There are currently 2,019 live bikesharing systems around the world.
In the next three years, an estimated 200 new tenders will be released.
When implementing private vehicles in public space, tenders are crucial to ensure the needs of the city, operator and public are met.
But Urban Sharing’s Head of Business Development Tom Nutley says they are failing to keep pace with the changing micromobility landscape which is hindering an operator’s success and ultimately preventing cities from reaching their sustainability targets.
Urban Sharing helps operators manage their micromobility fleets in cities across Norway, Canada, Spain, Italy, France and more. After working with more than 50 cities globally, Nutley says it is time for an overhaul of the tender process.
Zag Daily: You’ve worked in shared mobility since 2016. How have you seen the tender process evolve over time?
TN: “The real issue with the tender process is that it isn’t evolving. The operator, city and users make up the trifecta of shared mobility. The operator provides the service, the city regulates it and the users use and benefit from it.
“The tender process is a multistep process meant to balance the interests of these three groups, but the requirements being demanded today have barely changed in almost a decade. Since cities often lack the information on what solutions are available across hardware, software and ancillary third party services, they are copying and pasting the same requirements from past tenders or tenders from large tier one systems that aren’t applicable to smaller cities.”

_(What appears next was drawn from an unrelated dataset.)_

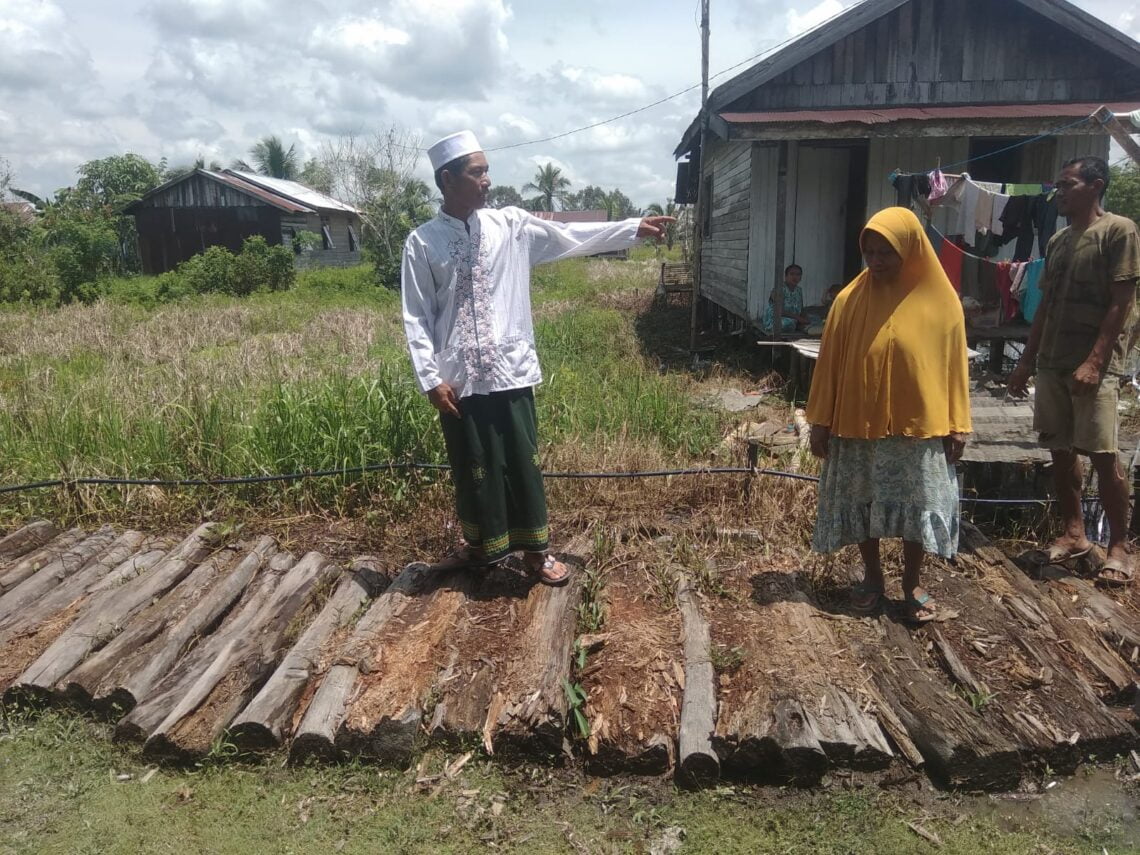 Rahmad salah satu warga jalan Padat Karya Gang Bayah RT 1 Kelurahan Barimba Kecamatan Kapuas Hilir menunjukan kondisi jalan yang memprihatinkan. Foto : Lg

Zag Daily: What is wrong with the tenders requirements specifically?
TN: “The way that permits and tenders are written is meant to get the best out of the system, but no one’s actually thinking about delivering that and operating the system that’s been requested. Looking at the tender process, there are three elements that are broken: requirements for KPIs, integrating cutting-edge tech, and revenue share requirements.
“The KPIs set do not suit the operator or the end user in their carrot or stick methodology. For example, instead of analysing the traffic patterns and usage needs, the required KPIs may dictate that there must be a bike available at every station. In reality, certain stations will experience higher usage than others, so it doesn’t make sense to expect the less frequently used stations to be serviced with the same frequency. Doing so imposes unnecessary burdens on operators.
“Cities will see cutting edge technology and demand its integration in all of their vehicles, but these features are expensive. If you want AI vision tech on every scooter, that means that the operator must charge more money to cover that integration cost which in turn means that the ridership price is going to go up, which means usage is going to go down.
“With revenue share requirements, operators are being asked to make shared mobility work without being subsidised, but now, they also want a percentage of the revenue. It’s creating a requirement that’s ultimately driving operators out of business. You can’t have every piece of the pie.”
Zag Daily: What are the long term effects of these flaws in the tender process?
TN: “Amongst operators, it becomes a race to the bottom. Inevitably, an operator will agree to stick to these agreements when they really can’t. And to be honest, it’s a lot easier to ask for forgiveness than ask for permission.
“Because micromobility is VC driven, everyone’s trying to win territory to create momentum, but they’re doing it at the cost of the system.”
Zag Daily: If tenders are no longer fit for purpose, what do you see as the solution to create a process that truly balances the needs of the trifecta?
TN: “For shared micromobility to thrive in cities, the public sector must also innovate. At the moment, cities are stifling operators. Shared mobility isn’t treated as a viable public transport mode and they don’t usually understand the industry.
“The process needs a ‘Switzerland’, someone to sit between the operators who can educate on what solutions are available across hardware, software and ancillary third party services.
“A centralised unit could make recommendations from the industry to inform them of best practices and provide insight based on experience of what makes a system work both as part of the tender process of how to do it properly, what’s available in the market, what’s classified as cutting edge, what’s the minimum requirement, etc.”
“This would not only help refine the tender process but also ensure that operators can fulfil their commitments effectively, moving beyond just winning the tender to delivering on promises made.”